Addressing Energy Crisis in West Africa

Dr. Kwame Hackman from the West African Science Service Centre on Climate Change and Adapted Land Use discussed the urgent need to address the energy demand crisis in West Africa using emerging renewable energy technologies. This, he said, is important to ensure that the region, despite its low emissions, does not resort to energy sources that will follow the same trajectory other regions followed and are now required to reverse due to the high levels of emissions. Accordingly, while applauding the efforts already being championed by WASCAL with funding from the German Federal Ministry of Higher Education and Research (BMBF), Dr. Hackman stressed the need for direct investment that would drive a move beyond pilot feasibility studies and capacity-building initiatives related to the production of renewable energy to actual production.

Transforming Energy in Latin America and the Caribbean

Mariana Gutierrez from Iniciativa Climática de Mexico highlighted the critical need for transforming the energy sector in Latin America. She outlined three key enabling conditions necessary for this transition:

  • Strengthening Institutional Arrangements: Ensuring that decision-making processes are transparent, accountable, and inclusive of civil society and affected communities.
  • Building Financial Structures: Supporting a just energy transition through financial mechanisms and skills training for the workforce.
  • Creating Regulatory Frameworks: Establishing clear incentives and standards for phasing out fossil fuels and integrating climate considerations into national planning and budgets.

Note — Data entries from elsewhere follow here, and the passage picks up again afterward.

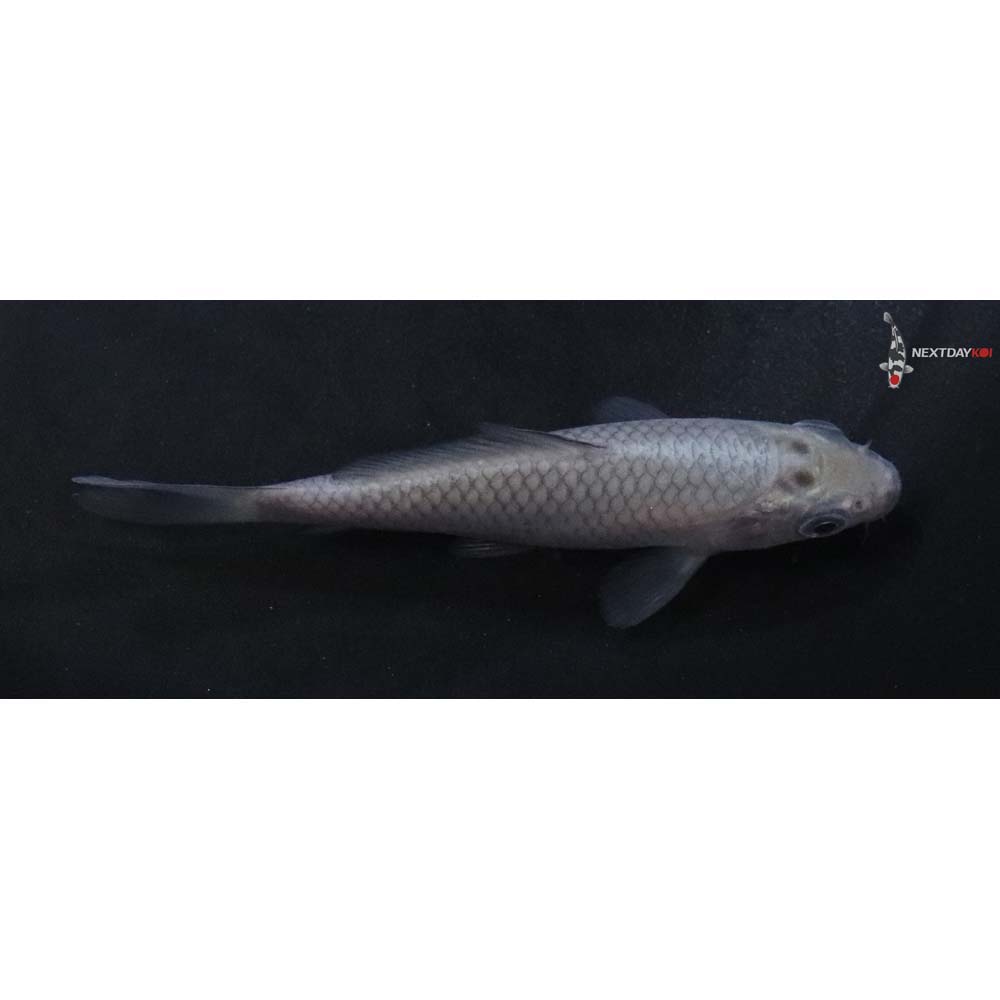 3” Imported Soragoi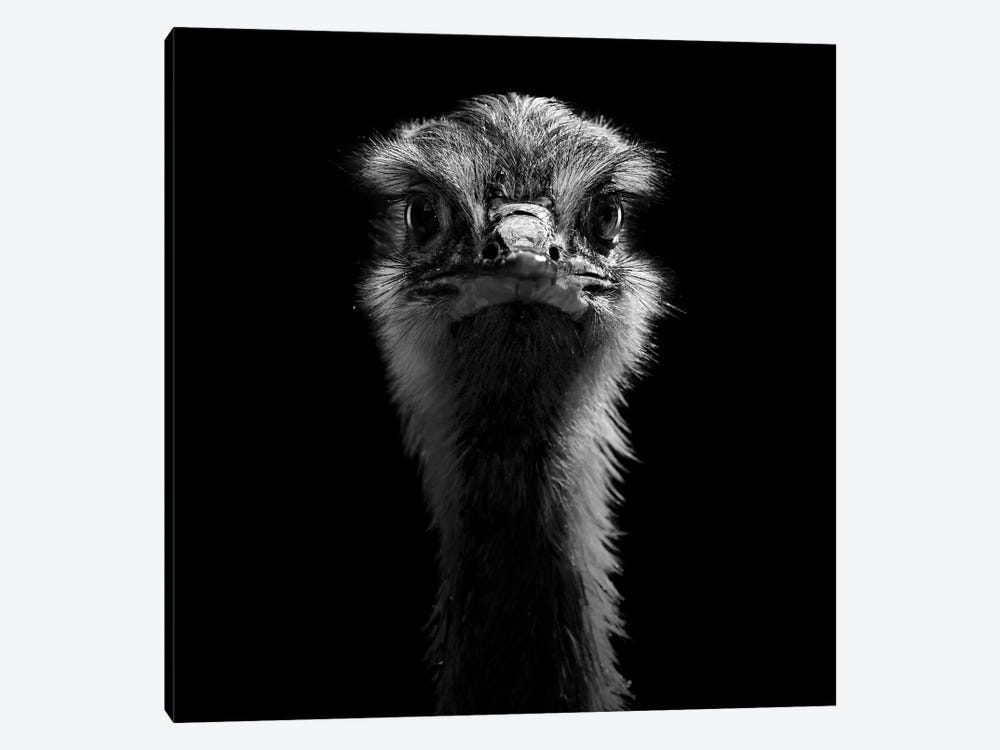 Ostrich In Black & White by Lukas Holas 1-piece Canvas Art Print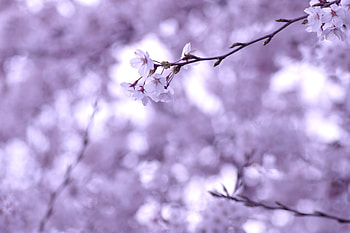 Cherry, Sakura, Macro, Branches, Branch, Twig, Sprig HD wallpaper
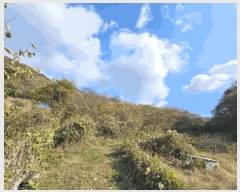  2025Ÿ��52304  �Ӿ߰��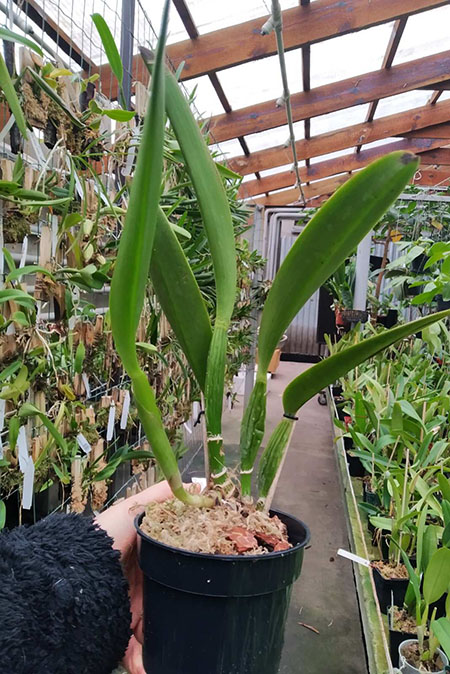 Cattleya labiata 'Yellow Eyes' x self.jpg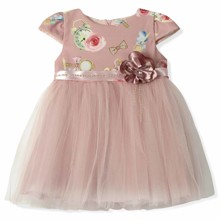 Плаття для дівчинки Baby Rose оптом (код товара: 6159)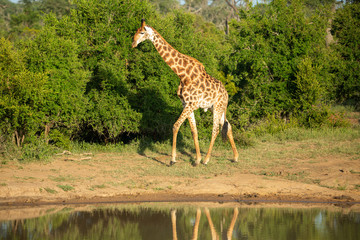 A journey of giraffe around a watering hole in the beautiful early morning light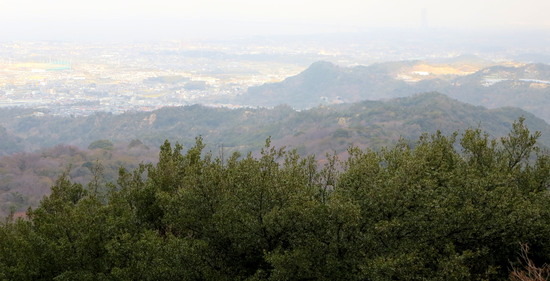 a0048823_1673642.jpg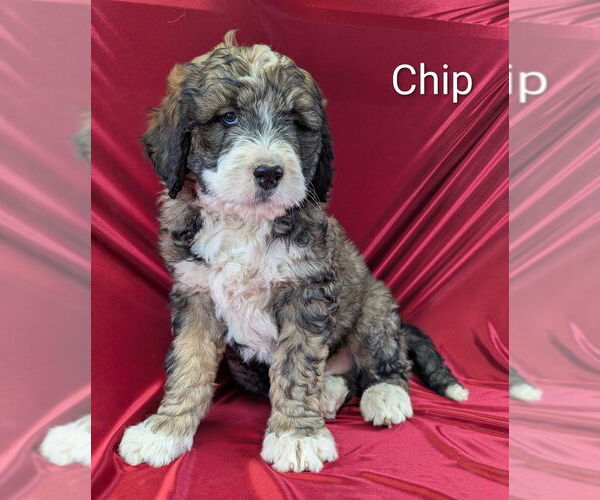 Medium Photo #13 Bernedoodle Puppy For Sale in CANON CITY, CO, USA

These steps, Mariana emphasized, are vital for increasing ambition, ensuring effective implementation, and fostering international cooperation, with a focus on equity, fairness, and transparency.

Decarbonization in Southeast Asia

Danica Marie Supnet from the Institute for Climate and Sustainable Cities (ICSC) shared insights into key sectors for decarbonization in Southeast Asia, particularly the energy, forestry, and land use sectors. Challenges such as inconsistent energy planning, underinvestment in power grid modernization, and the need for sustainable forest management were discussed. Danica underscored the importance of strong political and policy signals in countries like Indonesia and the Philippines to lead these efforts.

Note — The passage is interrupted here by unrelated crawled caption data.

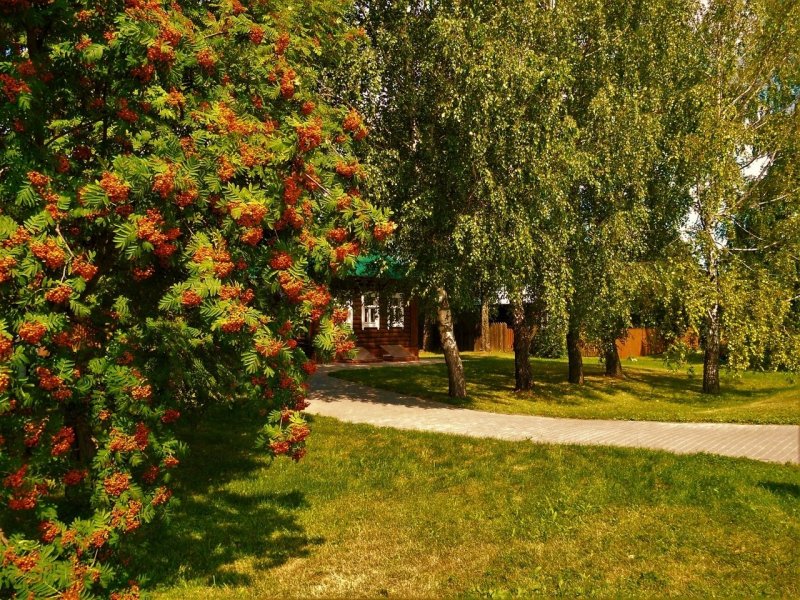 Рябина перед домом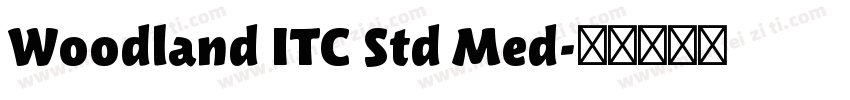 Woodland ITC Std Med字体转换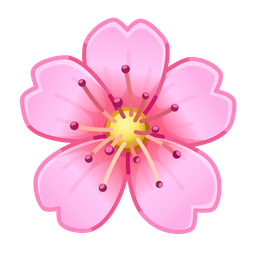 Sakura Flower
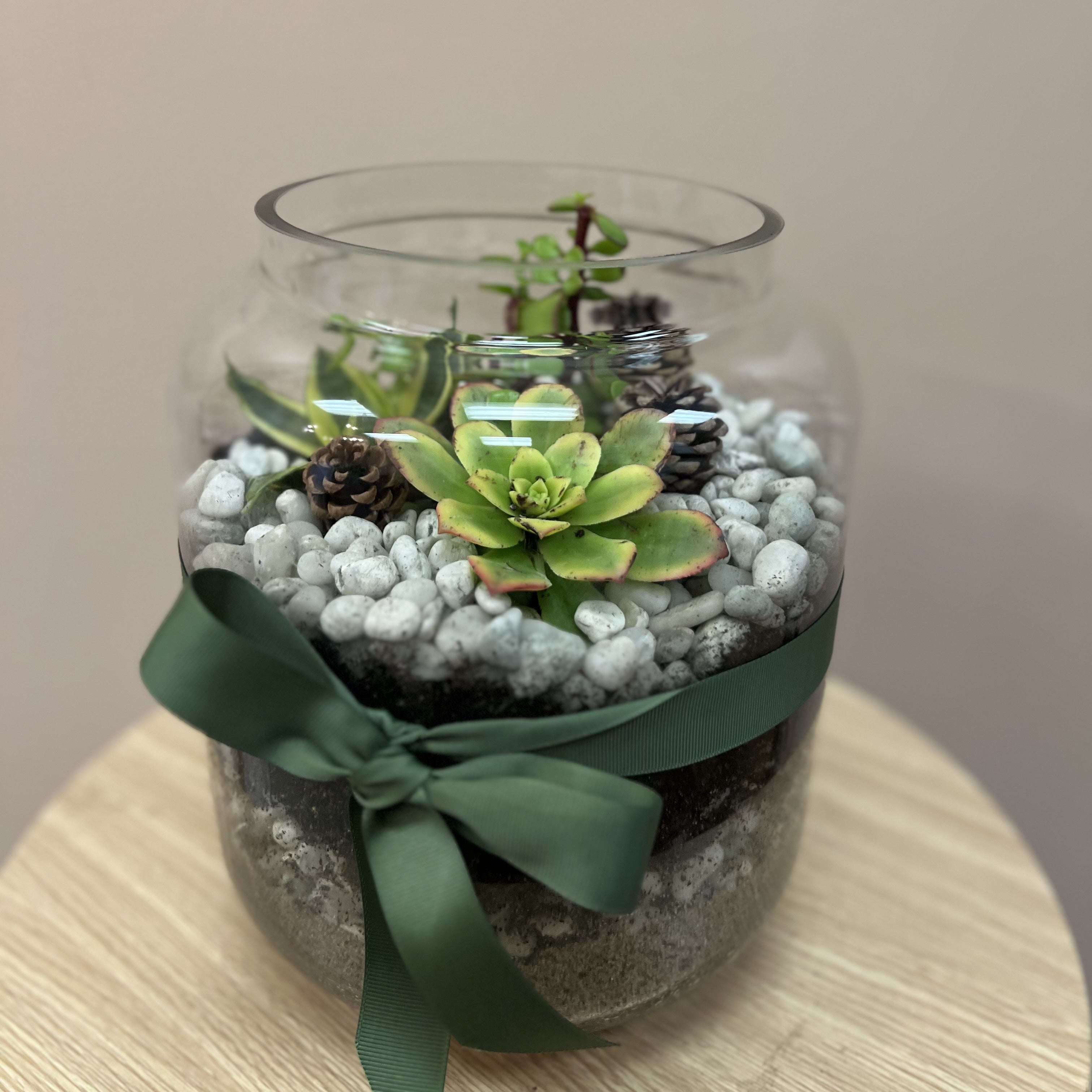 Terrarium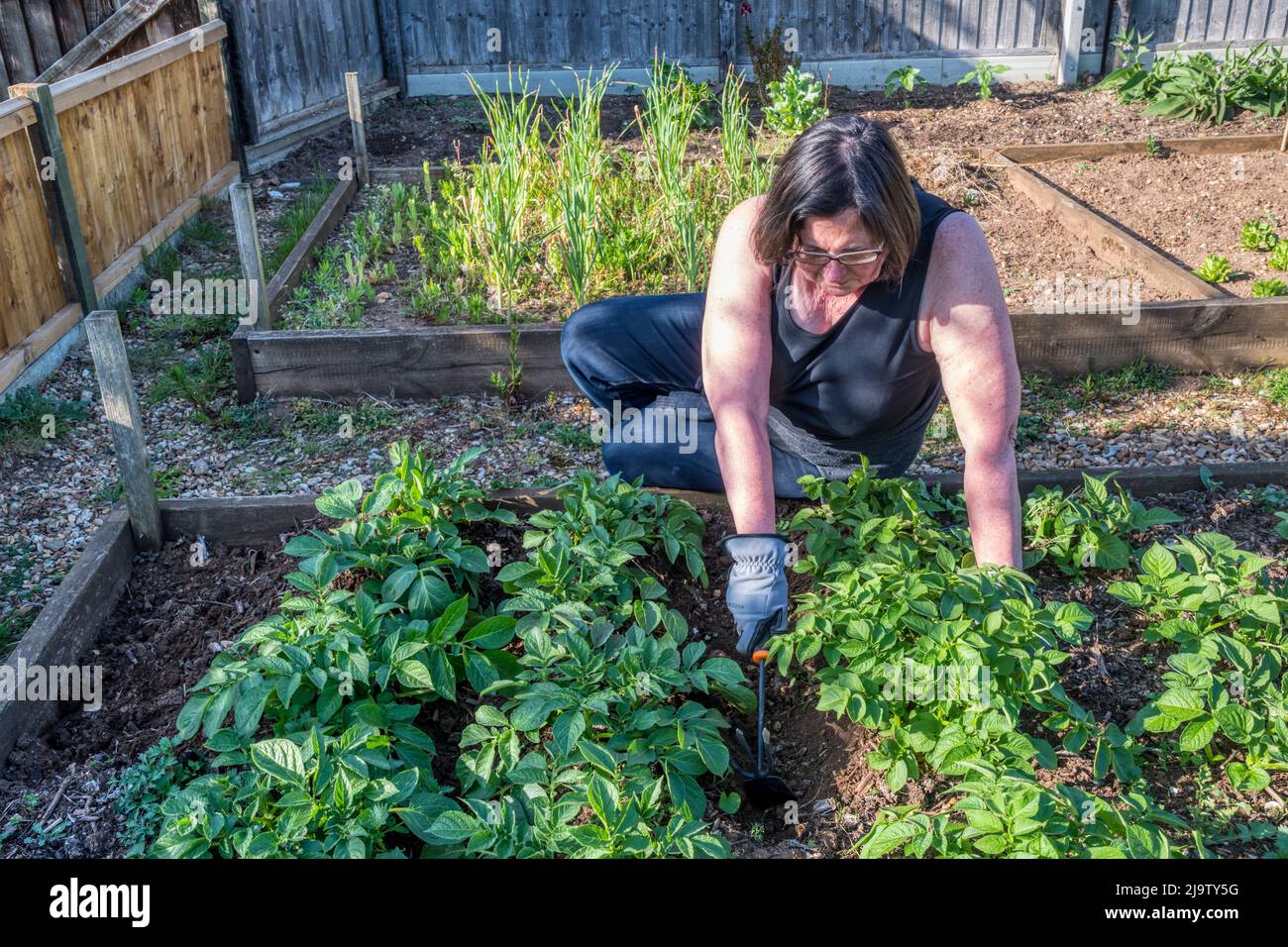 Earthing potatoes hires stock photography and images Alamy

Broadening the Discussion: Insights from the Q&A Session

The panel then moved into a dynamic Q&A session, where discussions centered on challenges and opportunities associated with the integration of the first GST decision into NDC 3.0. Topics such as investment de-risking, capacity building (especially those that demystify the global GST decision into easily comprehensible regional ambitions), availability of adequate financial resources, and the integration of climate resilience into planning were explored. Discussions highlighted the importance of context-specific national sector investments and the critical nature of understanding and mainstreaming Global Stocktake (GST) decisions into regional activities.

Conclusion: A Unified Call for Action

The side event concluded with a unified call to address the implementation challenges of the Paris Agreement through increased ambition, strategic investments, and responsive policy adjustments. The insights shared underscored the interconnected nature of global and regional efforts required to combat climate change effectively.

The side event not only provided a platform for sharing valuable regional perspectives but also reinforced the global commitment to turning the Paris Agreement goals into actionable strategies. As we look forward, the lessons learned, and strategies discussed will undoubtedly play a crucial role in shaping future climate actions across the three regions.